Omicidio del vicebrigadiere Mario Cerciello Rega: pene ridotte al Processo di Appello per i due americani.
“Ringrazio i giudici per questa sentenza, ma adesso voglio che il sacrificio di mio marito non venga dimenticato”. Rosa Maria Esilio, moglie del vicebrigadiere Mario Cercello Rega, con un filo di voce, visibilmente commossa, commenta cosi’ la decisione dei giudici della Corte d’Assise di appello di Roma che hanno ridotto la condanna per i due ventenni americani che la notte del 26 luglio del 2019 uccisero, nel corso di una drammatica colluttazione, il militare dell’Arma avvenuta nel cuore del quartiere Prati.
Dunque, non hanno retto gli ergastoli inflitti in primo grado: per Lee Elder Finnegan la pena passa a 24 anni di carcere, per Gabriele Natale Hjorth a 22 anni. Una sensibile riduzione dovuta al riconoscimento delle attenuanti generiche anche se i giudici hanno ribadito l’impianto accusatorio della Procura generale che contestava ai due il concorso in omicidio volontario. Ma per conoscere il ragionamento fatto dai giudici si dovra’ attendere il deposito delle motivazioni che arrivera’ non prima di giugno.
I difensori di Elder non utilizzano comunque mezzi termini definendo la sentenza uno “schifoso compromesso”; dal canto loro i legali di Hjorth si dicono comunque “delusi” perche’ erano “convinti di avere dimostrato nel corso del processo l’estraneita'” all’omicidio del loro assistito. “Soddisfazione” e’ invece stata espressa dall’avvocato Massimo Ferrandino, legale della signora Cerciello.
“Certamente con questa sentenza il sacrificio di un uomo dello Stato quale Mario Cerciello Rega non e’ stato vano”, ha detto lasciando piazzale Clodio. Che la sentenza di primo grado non sarebbe stata confermata in appello era emerso gia’ nel corso della requisitoria del pg Vincenzo Severiano che il 10 febbraio scorso aveva chiesto ai giudici di ribadire il carcere a vita per il solo Elder, mentre aveva chiesto 24 anni per l’altro studente americano.
Il rappresentante dell’accusa, nel corso della sua requisitoria, aveva ricostruito i vari passaggi della vicenda. Una storia iniziata con il tentativo dei due americani di comprare della cocaina a Trastevere. Poi il furto dello zaino del ‘facilitatore’ dei pusher, Sergio Brugiatelli. Quest’ultimo, ricevuta la telefonata dei due statunitensi con la richiesta di riscatto, il classico ‘cavallo di ritorno’, aveva allertato i carabinieri.
Cerciello Rega e il suo collega di pattuglia di quella note, Andrea Varriale, dopo una trattativa intercorsa tra Brugiatelli e i due ragazzi, si sono recati in borghese all’appuntamento in via Pietro Cossa.
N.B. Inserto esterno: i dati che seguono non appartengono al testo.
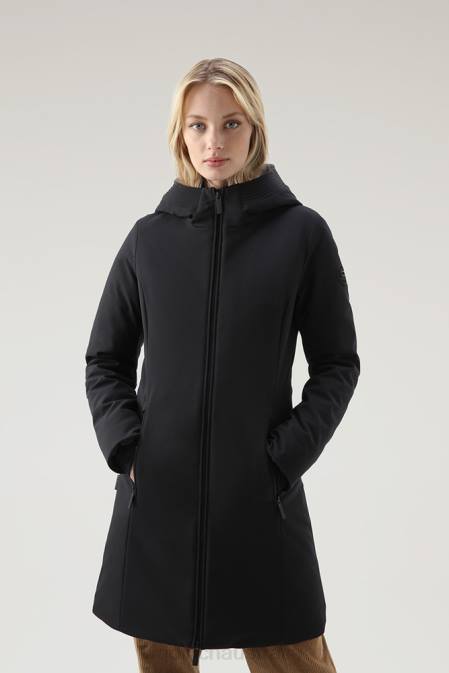 Woolrich Women Firth Parka in Softshell Black Clothing J026341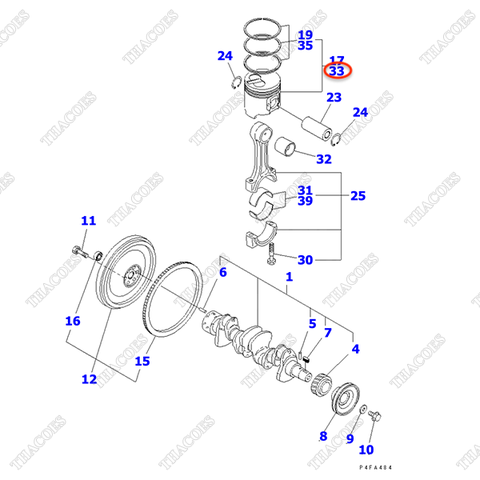 Piston YM129931-22900 (+0,25mm)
Secondo quanto ricostruito dall’accusa i due carabinieri si sono avvicinati dichiarando di essere delle forze dell’ordine. In pochi istanti una tranquilla serata dell’estate romana si e’ trasformata cosi’ in tragedia. I due americani aggrediscono Cerciello e il collega.
Elder, che aveva con se’ un coltello, colpisce con undici fendenti il vicebrigadiere. Quando Hjorth “ha sentito Varriale dire ‘carabinieri!’, come lui stesso ha ammesso – ha detto il pg durante la requisitoria – non ha fatto nulla per fermarsi, o fermare l’amico mentre lo accoltellava.
Se Natale si fosse fermato, se avesse detto all’amico di fare altrettanto, forse Cerciello sarebbe sopravvissuto. Invece non si e’ fermato”. Proprio oggi, infine, il gup della Capitale ha rinviato a giudizio Italo Pompei, il presunto pusher da cui i due americani volevano acquistare cocaina, per avere reso false testimonianze nel processo di primo grado.